Emeritus professor of Getulio Vargas Foundation. E-mail: bresserpereira@gmail.com

ABSTRACT

A new Keynesian-struturalist school of thought is emerging in Brazil. It is formed by a Structuralist Development Macroeconomics that offers scientific explanation to New Developmentalism - a national development strategy. In this intervention the author delineates its main theoretical claims and policies.

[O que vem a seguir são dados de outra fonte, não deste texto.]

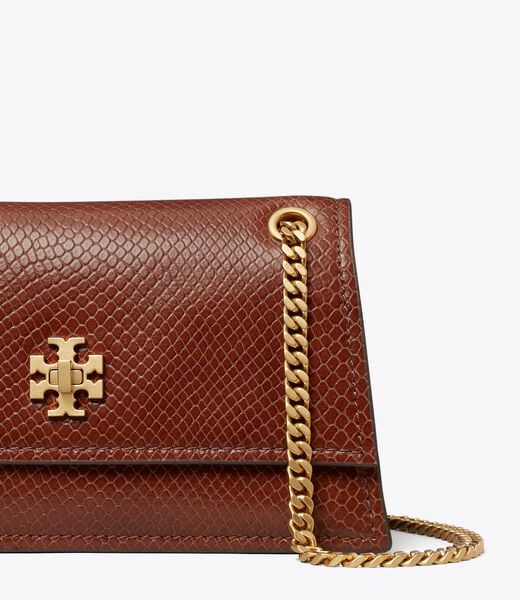 Mini Kira Turnlock Snake-Embossed Shoulder Bag tory burch mini kira turnlock snake embossed shoulder bag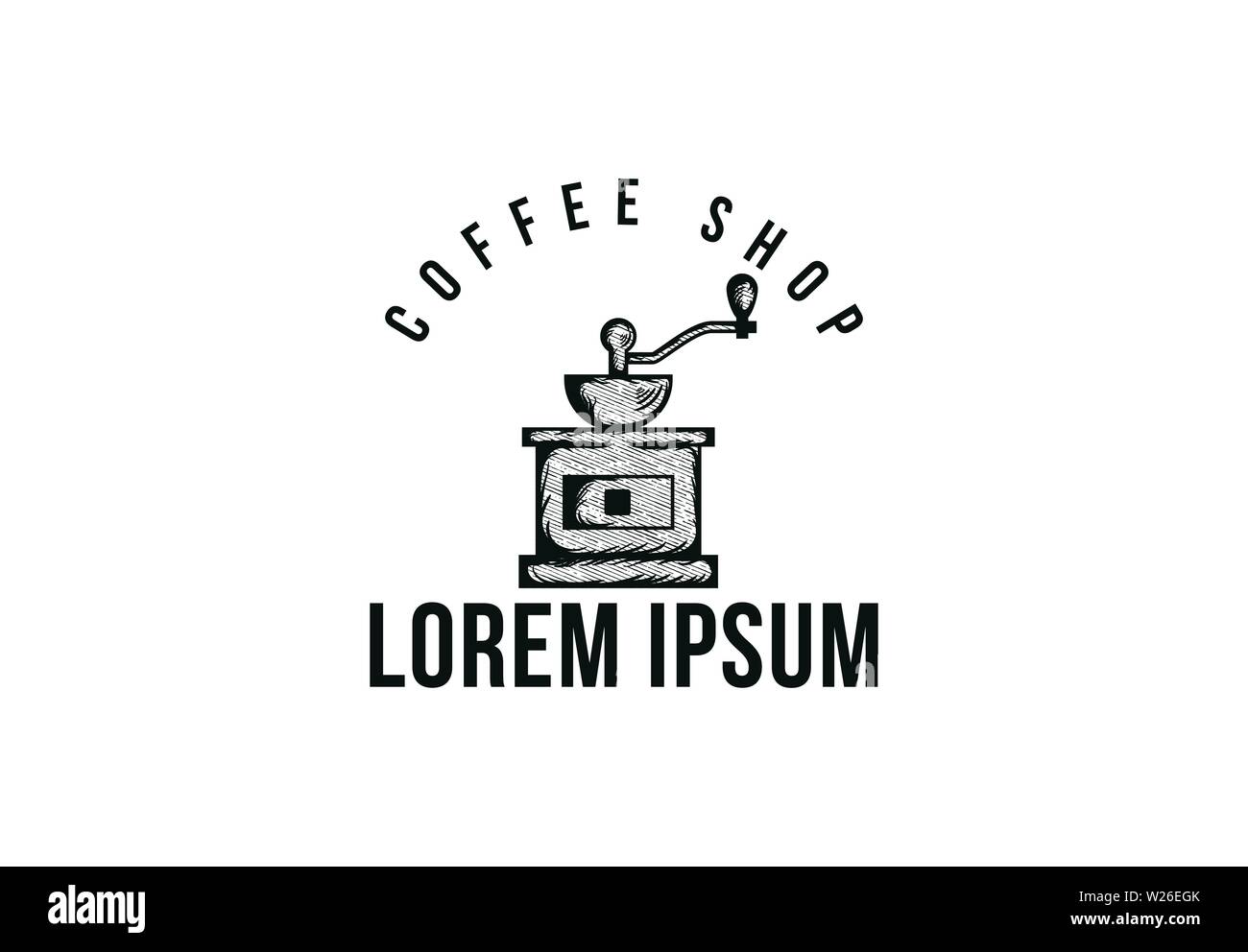 coffee roaster, vintage coffee logo Stock Vector Image & Art Alamy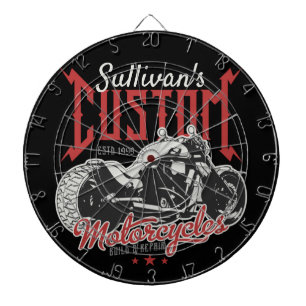 Personlig Motorcycle Big Bad Bike Biker Garage  Darttavla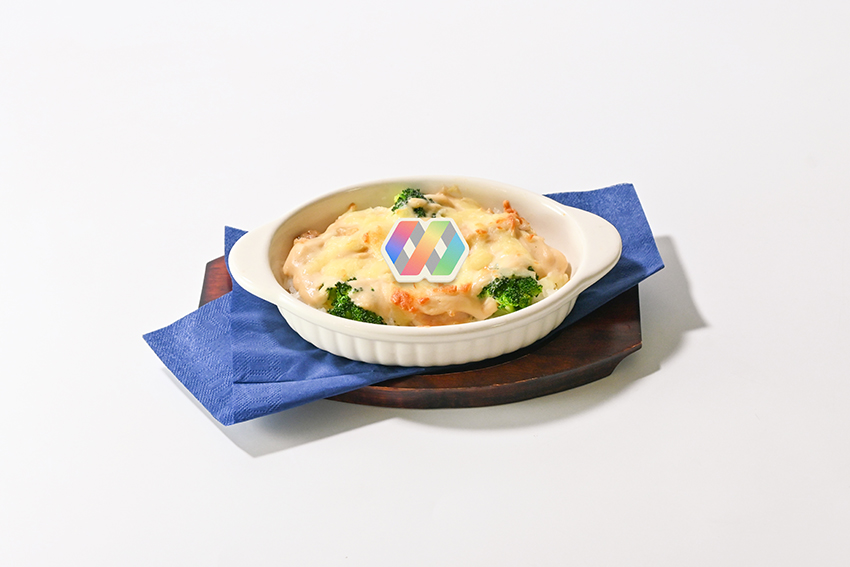 「アイナナ×アニメイトカフェ」レインボーシティカフェのホワイトドリア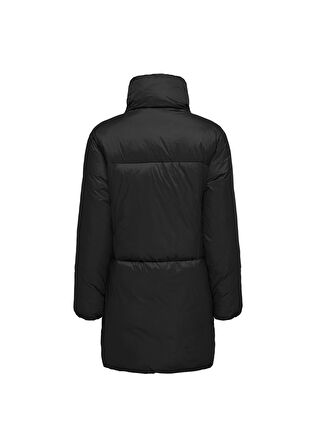 Only Siyah Kadın Mont ONLMAX BF LONG PUFFER OTW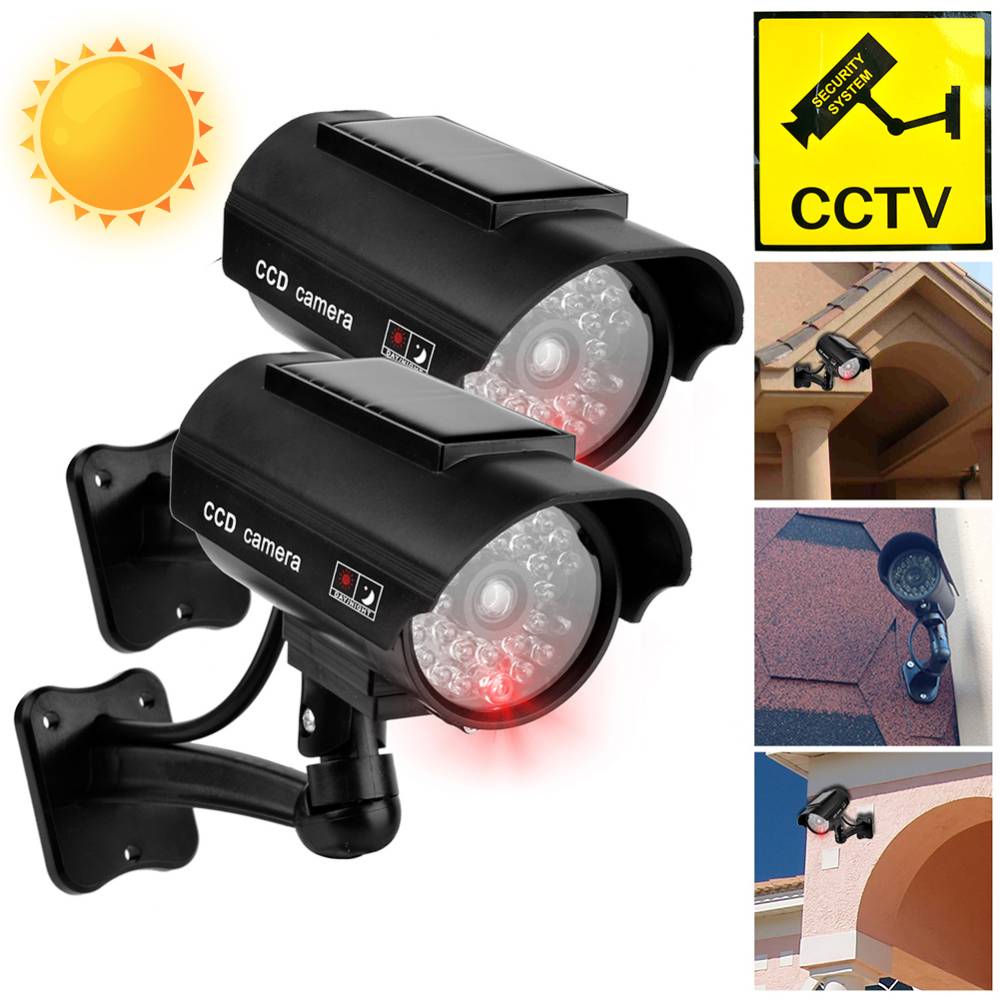 Outdoor Solar Simulation Camer - Fake Camera Dummy ulasan dan harga
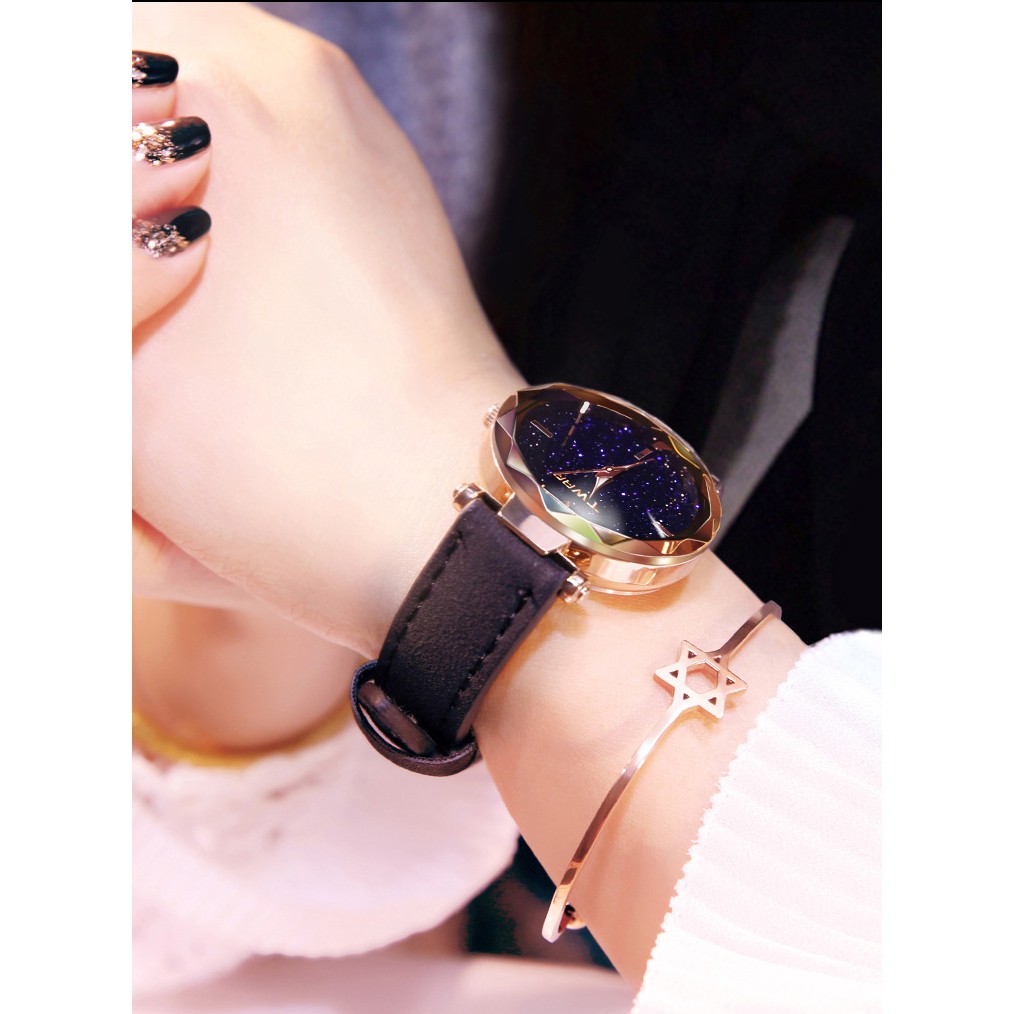 Đồng Hồ Nữ TWAR T66 Mặt Kim Sa Lấp Lánh thời trang 2019 | BigBuy360 - bigbuy360.vn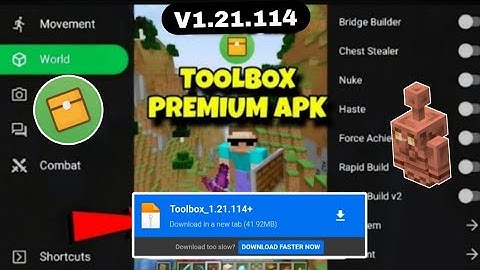 Toolbox For MCPE 1.21.114+ ✅🔥 (Latest version) 💪🏻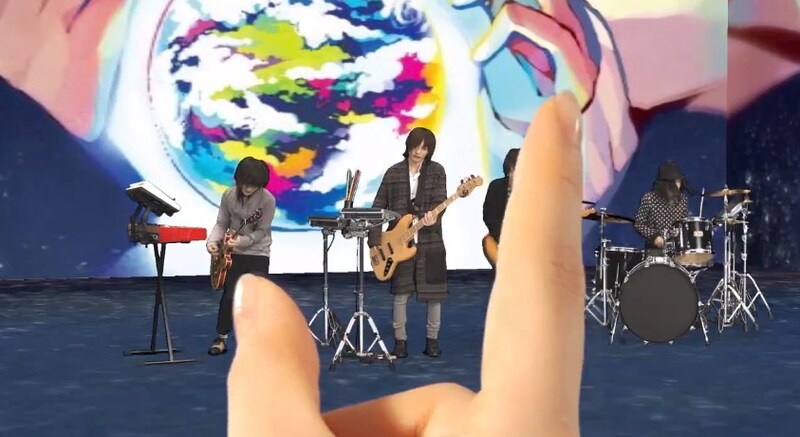 「触れるミュージックビデオ『マルチ・ビュー・オーケストラ』」の操作例。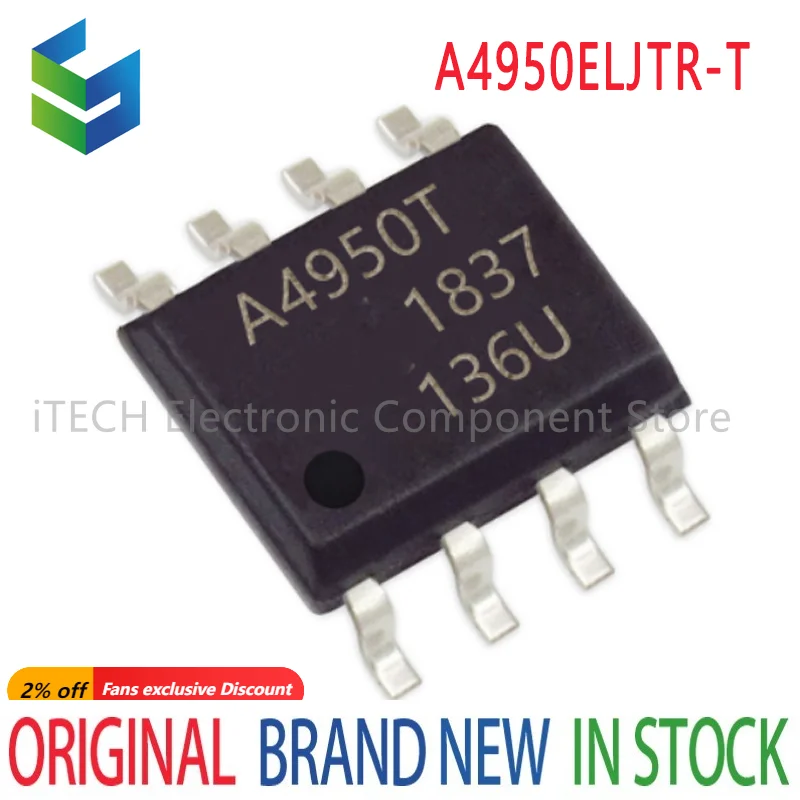 

5PCS/lot A4950ELJTR-T A4950 A4950T SOP-8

Keywords: macroeconomics; structuralism; developmentalism; history of economic thought

JEL classification: B22; B31.

Há indicações cada vez mais claras de que está surgindo no Brasil uma nova escola de pensamento econômico - uma Escola Keynesiano-estruturalista do Desenvolvimento - que tem como fundamento teórico uma Macroeconomia Estruturalista do Desenvolvimento e como proposta de política econômica ou, mais amplamente, como estratégia nacional de desenvolvimento, o Novo Desenvolvimentismo. Esta nova realidade começou a se configurar no início dos anos 2000 quando um grupo de economistas keynesianos e estruturalistas, insatisfeitos com as baixas taxas de crescimento do Brasil, decidiu enfrentar o mainstream teórico neoclássico (o modelo de equilíbrio geral e a macroeconomia das expectativas racionais) e o consenso de Washington dominantes na teoria econômica ensinada nas universidades e na política econômica.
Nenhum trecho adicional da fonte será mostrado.